A Working Definition of Bayesian Mechanics (Bayesian Mechanics II)

In a previous blog post, I discussed a paper of mine about the maths behind Bayesian mechanics (cited here as [Sak22]) and mentioned that an additional lengthy paper was on its way about the physics behind Bayesian mechanics (the free energy principle, in particular). That paper, joint with collaborators of mine in the VERSES Research Lab, is now available on the arxiv as preprint arXiv:2205.11543. Here, I’ll go over that paper, which takes previous work and proposes a definition of Bayesian mechanics. The remainder of the post will be devoted to deconstructing the preface of Section 4 (i.e., up to 4.1) of [Sak22], where I prove the approximate Bayesian inference lemma, a crucial result for Bayesian mechanics as it is spoken of in [RSH+22].
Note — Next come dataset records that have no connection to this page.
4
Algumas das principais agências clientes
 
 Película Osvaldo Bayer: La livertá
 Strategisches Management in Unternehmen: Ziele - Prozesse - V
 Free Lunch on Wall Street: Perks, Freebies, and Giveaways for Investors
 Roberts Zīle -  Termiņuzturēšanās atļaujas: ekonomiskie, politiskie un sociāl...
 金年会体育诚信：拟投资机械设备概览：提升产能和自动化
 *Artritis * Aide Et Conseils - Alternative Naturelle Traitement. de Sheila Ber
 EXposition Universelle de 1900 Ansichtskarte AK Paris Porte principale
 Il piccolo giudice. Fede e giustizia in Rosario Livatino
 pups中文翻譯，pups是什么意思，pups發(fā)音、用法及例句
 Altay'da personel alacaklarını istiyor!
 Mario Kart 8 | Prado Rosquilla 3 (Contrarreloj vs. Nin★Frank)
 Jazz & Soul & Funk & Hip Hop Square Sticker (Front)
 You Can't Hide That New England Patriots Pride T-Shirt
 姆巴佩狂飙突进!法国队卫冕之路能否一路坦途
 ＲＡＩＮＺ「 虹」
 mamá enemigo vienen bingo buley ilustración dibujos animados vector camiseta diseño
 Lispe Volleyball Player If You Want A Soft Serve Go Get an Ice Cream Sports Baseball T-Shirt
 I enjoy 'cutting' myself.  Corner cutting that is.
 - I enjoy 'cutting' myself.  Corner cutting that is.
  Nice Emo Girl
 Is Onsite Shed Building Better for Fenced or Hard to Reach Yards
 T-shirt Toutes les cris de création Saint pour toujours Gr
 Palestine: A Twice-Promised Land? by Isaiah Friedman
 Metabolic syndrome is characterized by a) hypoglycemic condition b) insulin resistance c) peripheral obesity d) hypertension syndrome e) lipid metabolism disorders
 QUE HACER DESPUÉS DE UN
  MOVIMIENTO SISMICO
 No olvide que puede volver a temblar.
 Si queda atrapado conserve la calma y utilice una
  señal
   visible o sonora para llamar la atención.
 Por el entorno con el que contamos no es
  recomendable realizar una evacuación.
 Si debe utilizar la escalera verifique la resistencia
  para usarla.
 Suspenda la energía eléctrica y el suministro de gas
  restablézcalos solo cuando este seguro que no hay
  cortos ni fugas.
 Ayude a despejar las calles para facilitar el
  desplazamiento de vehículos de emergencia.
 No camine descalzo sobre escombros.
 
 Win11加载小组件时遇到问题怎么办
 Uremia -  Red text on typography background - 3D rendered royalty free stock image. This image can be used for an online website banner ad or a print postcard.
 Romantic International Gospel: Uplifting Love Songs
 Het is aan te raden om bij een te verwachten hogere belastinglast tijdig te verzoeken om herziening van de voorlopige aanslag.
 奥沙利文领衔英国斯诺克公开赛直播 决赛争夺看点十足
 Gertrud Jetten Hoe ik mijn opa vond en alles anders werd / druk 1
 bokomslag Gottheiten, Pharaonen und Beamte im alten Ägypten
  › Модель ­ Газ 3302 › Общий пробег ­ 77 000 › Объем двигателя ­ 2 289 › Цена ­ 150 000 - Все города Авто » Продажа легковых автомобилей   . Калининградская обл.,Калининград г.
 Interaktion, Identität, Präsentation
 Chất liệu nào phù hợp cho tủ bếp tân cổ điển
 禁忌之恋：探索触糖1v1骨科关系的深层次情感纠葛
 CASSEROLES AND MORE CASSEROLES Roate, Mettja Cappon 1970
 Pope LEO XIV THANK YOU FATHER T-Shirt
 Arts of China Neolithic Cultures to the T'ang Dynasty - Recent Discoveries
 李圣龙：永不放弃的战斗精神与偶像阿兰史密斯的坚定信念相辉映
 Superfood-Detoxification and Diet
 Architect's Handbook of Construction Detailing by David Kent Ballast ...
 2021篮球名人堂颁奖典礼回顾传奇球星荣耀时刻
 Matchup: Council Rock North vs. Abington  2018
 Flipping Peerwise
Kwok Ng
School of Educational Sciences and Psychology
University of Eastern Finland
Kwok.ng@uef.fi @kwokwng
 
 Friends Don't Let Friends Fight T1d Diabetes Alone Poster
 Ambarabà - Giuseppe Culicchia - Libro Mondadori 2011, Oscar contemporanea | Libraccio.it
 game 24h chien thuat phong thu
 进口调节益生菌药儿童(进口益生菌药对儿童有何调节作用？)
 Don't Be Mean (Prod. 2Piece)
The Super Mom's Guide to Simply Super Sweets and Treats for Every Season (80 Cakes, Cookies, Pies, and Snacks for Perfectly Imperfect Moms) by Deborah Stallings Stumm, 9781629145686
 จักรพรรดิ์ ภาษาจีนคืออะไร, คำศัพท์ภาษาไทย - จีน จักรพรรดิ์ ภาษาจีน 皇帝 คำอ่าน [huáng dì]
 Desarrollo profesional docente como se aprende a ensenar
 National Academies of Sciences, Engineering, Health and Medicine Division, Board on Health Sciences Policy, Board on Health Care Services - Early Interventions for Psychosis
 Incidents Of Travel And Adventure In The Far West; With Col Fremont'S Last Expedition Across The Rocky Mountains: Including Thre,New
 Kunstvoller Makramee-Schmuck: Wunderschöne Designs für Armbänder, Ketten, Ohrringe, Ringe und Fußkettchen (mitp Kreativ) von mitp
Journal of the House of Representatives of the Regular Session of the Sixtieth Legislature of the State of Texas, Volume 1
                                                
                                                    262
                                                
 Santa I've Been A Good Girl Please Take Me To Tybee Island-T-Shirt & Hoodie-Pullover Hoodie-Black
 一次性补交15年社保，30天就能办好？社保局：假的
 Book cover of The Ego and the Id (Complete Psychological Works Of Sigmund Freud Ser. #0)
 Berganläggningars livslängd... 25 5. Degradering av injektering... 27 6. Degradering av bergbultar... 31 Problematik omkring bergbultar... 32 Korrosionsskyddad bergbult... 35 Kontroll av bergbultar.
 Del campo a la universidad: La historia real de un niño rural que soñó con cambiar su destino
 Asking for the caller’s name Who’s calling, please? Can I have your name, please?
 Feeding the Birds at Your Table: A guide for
The primary aim of these papers is to define Bayesian mechanics. Work in mathematical physics generally falls into one of two broad classes of question: physically inspired mathematics, or mathematically rigorous physics. The former usually means discovering new and interesting mathematical structures using physical intuition or inspiration, like Donaldson theory. The latter means looking at a physical problem through a comprehensive and exacting mathematical lens, like the ongoing efforts to formulate quantum field theory rigorously. This is actually a good example: we have a collection of phenomenological results about what QFT should do and we know roughly what different facets of it ought to look like, but have no set of axioms, or even a definition, for QFT in four space-time dimensions. We simply don’t know enough about QFT to say how it should look from first principles, and the existing maths is insufficient to make it work non-perturbatively (read: without approximations of some sort). Here, at a high level, we want to get an axiomatic framework for some sort of mathematical biophysics. We can do this by using the structure already put in place by the FEP. However, first, we need to better understand the mathematics of the FEP (its detailed geometric and analytic formulation) and the physics of the FEP (a physics of beliefs, and dually, by beliefs).

More particularly, in these papers, we make an effort to define Bayesian mechanics, foreshadowing a hopeful connection to some sort of rigorous physics of complex systems. In [RSH+22] it is proposed that Bayesian mechanics is a consequence of the principle that surprisal is minimised (and thus, necessarily, that variational free energy is minimised) in precisely the same sense as classical mechanics is a consequence of the principle that the classical Lagrangian is stationary. Consider the following analogy:

The equations of motion yielded by classical mechanics are variants of Newton’s second law, a statement that systems accelerate along force gradients in virtue of exchanging kinetic energy for potential energy.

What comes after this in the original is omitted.